FISCAL YEAR (JULY 1 TO JUNE 30)
AMOUNT YEAR OF COLLECTION
$978,781.84 2011/2012
$964,351.60 2012/2013
-4-
(NOTE: For example the levy to be made and certified against the taxable
valuations of January 1, 2010, will be collected during the fiscal year commencing
July 1, 2011).
(b) Resolution to be Filed With County Auditor. A certified copy of this
Resolution shall be filed with the Auditor of Dubuque County, Iowa and the
Auditor is hereby instructed in and for each of the years as provided, to levy and
assess the tax hereby authorized in Section 3 of this Resolution, in like manner as
other taxes are levied and assessed, and such taxes so levied in and for each of the
years aforesaid be collected in like manner as other taxes of the City are collected,
and when collected be used for the purpose of paying principal and interest on said
Notes issued in anticipation of the tax, and for no other purpose whatsoever.

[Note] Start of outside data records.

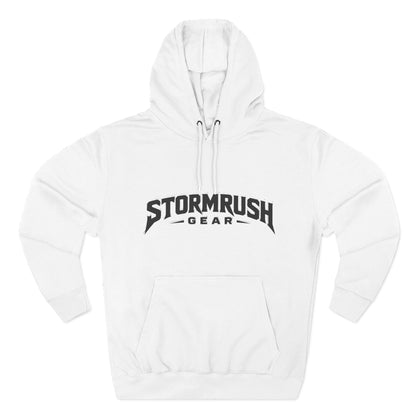 Three-Panel Fleece Hoodie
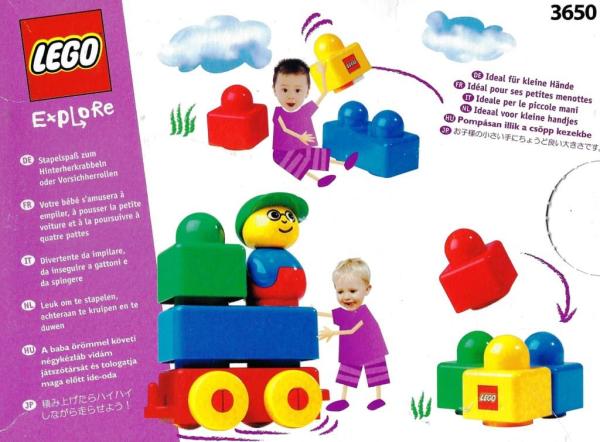 LEGO Primo 3650 - Stack-n-Learn Autospass
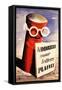Address Your Letters Plainly-Hans (Zero) Schleger-Framed Stretched Canvas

(c) Additional City Funds Available. Principal and interest coming due at any time
may be paid from available revenues of the Stormwater Management Utility
System. In the event such revenues are not available, and when the proceeds of
said tax on hand shall be insufficient to pay the same, principal and interest shall
be promptly paid when due from current funds of the City available for that
purpose and reimbursement shall be made from such special fund in the amounts
thus advanced.
Section 4. Note Fund. Said tax shall be assessed and collected each year at the
same time and in the same manner as, and in addition to, all other taxes in and for the
City, and when collected they shall be converted into a special fund within the Debt
Service Fund to be known as the "GENERAL OBLIGATION CAPITAL LOAN NOTE
FUND 2010F" (the "Note Fund "), which is hereby pledged for and shall be used only for
the payment of the principal of and interest on the Notes hereinafter authorized to be
issued; and also there shall be apportioned to said fund its proportion of taxes received by
the City from property that is centrally assessed by the State of Iowa.
Section 5. Application of Note Proceeds. Proceeds of the Notes other than accrued
interest except as may be provided below shall be credited to the Project Fund and
expended therefrom for the purposes of the Project. Any amounts on hand in the Project
Fund shall be available for the payment of the principal of or interest on the Notes at any
time that other funds shall be insufficient to the purpose, in which event such funds shall
be repaid to the Project Fund at the earliest opportunity. Any balance on hand in the
Project Fund and not immediately required for its purposes may be invested not
inconsistent with limitations provided by law or this Resolution. Accrued interest, if any,
shall be deposited in the Note Fund.
Section 6. Investments of Note Fund Proceeds. All moneys held in the Note Fund
and the Project Fund, shall be invested in investments permitted by Chapter 12B, Code of
-5-
Iowa, 2009, as amended, or deposited in financial institutions which are members of the
Federal Deposit Insurance Corporation and the deposits in which are insured thereby and
all such deposits exceeding the maximum amount insured from time to time by FDIC or
its equivalent successor in any one financial institution shall be continuously secured in
compliance with Chapter 12C of the Code of Iowa, 2009, as amended, or otherwise by a
valid pledge of direct obligations of the United States Government having an equivalent
market value. All such interim investments shall mature before the date on which the
moneys are required for payment of principal of or interest on the Notes as herein
provided.
Section 7. Note Details, Execution and Redemption.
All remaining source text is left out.